Kronstadt, considerando que os sovietes atuais não exprimiam mais a vontade dos operários e camponeses, reivindicava: imediata eleição com voto secreto, com liberdade de desenvolver campanha eleitoral; liberdade de imprensa e palavra para operários e camponeses, anarquistas e socialistas de esquerda; liberdade de reunião para todos os sindicatos operários e organizações camponesas; liberdade para todos os socialistas prisioneiros políticos, assim como marinheiros e soldados do Exército Vermelho presos durante os movimentos populares; eleição de uma comissão encarregada de examinar os casos dos prisioneiros e dos internados em campos de concentração; supressão de todos os departamentos políticos (em cada unidade fabril, militar e de bairro, o partido possuía um departamento político); nenhum partido deve ter o privilégio da propaganda política e ideológica nem receber nenhuma subvenção governamental; no lugar dos departamentos políticos, formar Comissões de Educação e Cultura financiadas pelo Estado; supressão imediata de todas as barreiras militares; supressão dos destacamentos comunistas de choque em todas as seções militares e da Guarda Comunista nas minas e usinas; se houver necessidade de destacamentos, que sejam nomeados pelos soldados das seções militares; se houver necessidade de guardas, que sejam escolhidos pelos próprios trabalhadores; o camponês deve usufruir sua terra, sem empregar trabalho assalariado.

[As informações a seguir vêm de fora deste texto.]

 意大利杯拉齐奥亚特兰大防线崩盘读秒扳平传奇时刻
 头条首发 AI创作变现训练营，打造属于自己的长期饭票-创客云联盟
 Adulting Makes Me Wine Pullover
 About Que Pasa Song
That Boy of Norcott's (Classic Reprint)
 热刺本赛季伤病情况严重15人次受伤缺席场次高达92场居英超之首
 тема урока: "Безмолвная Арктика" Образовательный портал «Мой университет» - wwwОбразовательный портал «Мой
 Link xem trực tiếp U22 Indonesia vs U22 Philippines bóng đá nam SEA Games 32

Os marinheiros de Kronstadt criticavam a formação de uma nova burocracia, a quem chamavam de comissiocracia, e também a estatização dos sindicatos. Inúmeros membros do Partido Bolchevique que residiam em Kronstadt pedem publicamente demissão do partido, aceitando a crítica dos marinheiros ao governo soviético.

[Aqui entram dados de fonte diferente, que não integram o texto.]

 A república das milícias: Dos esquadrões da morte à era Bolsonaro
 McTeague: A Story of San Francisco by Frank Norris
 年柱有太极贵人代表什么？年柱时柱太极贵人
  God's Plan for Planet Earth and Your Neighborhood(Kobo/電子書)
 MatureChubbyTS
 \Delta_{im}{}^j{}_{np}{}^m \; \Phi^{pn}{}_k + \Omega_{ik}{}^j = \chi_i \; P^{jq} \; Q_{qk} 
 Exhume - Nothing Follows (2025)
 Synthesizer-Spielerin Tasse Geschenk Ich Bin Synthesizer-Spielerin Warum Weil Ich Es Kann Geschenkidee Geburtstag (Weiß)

Kronstadt mesmo se autodenomina a “Terceira Revolução Russa”. Qual a posição das várias facções políticas russas da época a respeito da rebelião?

Anarquistas – Embora houvesse entre os membros do Comitê Revolucionário marinheiros que se definiam como anarquistas, não se verificou intervenção direta dos anarquistas enquanto grupo ou corrente organizada. A imprensa anarquista não se manifesta a respeito da insurreição e Iarchouk, antigo anarcossindicalista, nada diz a respeito no seu livro sobre a insurreição de 1921.

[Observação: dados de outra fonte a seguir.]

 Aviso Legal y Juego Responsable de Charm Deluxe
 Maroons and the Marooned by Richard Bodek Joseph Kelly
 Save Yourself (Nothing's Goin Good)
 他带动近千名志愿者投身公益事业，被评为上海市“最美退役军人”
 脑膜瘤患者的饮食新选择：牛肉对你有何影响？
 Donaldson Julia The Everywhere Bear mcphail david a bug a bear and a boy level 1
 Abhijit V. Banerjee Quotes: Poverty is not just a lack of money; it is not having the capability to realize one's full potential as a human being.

Em caráter pessoal, anarquistas como Emma Goldman e Ale-xandre Berkman se propuseram a ser os mediadores entre os marinheiros e os bolcheviques; só a proposta de mediação já mostra a escassa participação anarquista na rebelião.

Quanto aos sovietes, na revolução ucraniana Makhno já lutava por sovietes livres.

A posição de Kronstadt de confiar aos sindicatos tarefas importantes não é idéia exclusivamente anarquista, pois os socialistas revolucionários de esquerda e os membros da Oposição Operária também a defendiam. Ela traduzia o consenso daqueles que pretendiam salvar a Revolução pela democracia operária, opondo-se à ditadura do partido único.

Mencheviques – Sempre tiveram escassa influência sobre os marinheiros. Embora tivessem número razoável de deputados no soviete de Kronstadt, seu nível de popularidade era baixo, enquanto os anarquistas, com três deputados somente, gozavam de muito maior aceitação entre os marinheiros (em 1917, numerosos anarquistas não distinguiam claramente suas diferenças com o bolchevismo, vendo em Lenin um marxista-bakuninista).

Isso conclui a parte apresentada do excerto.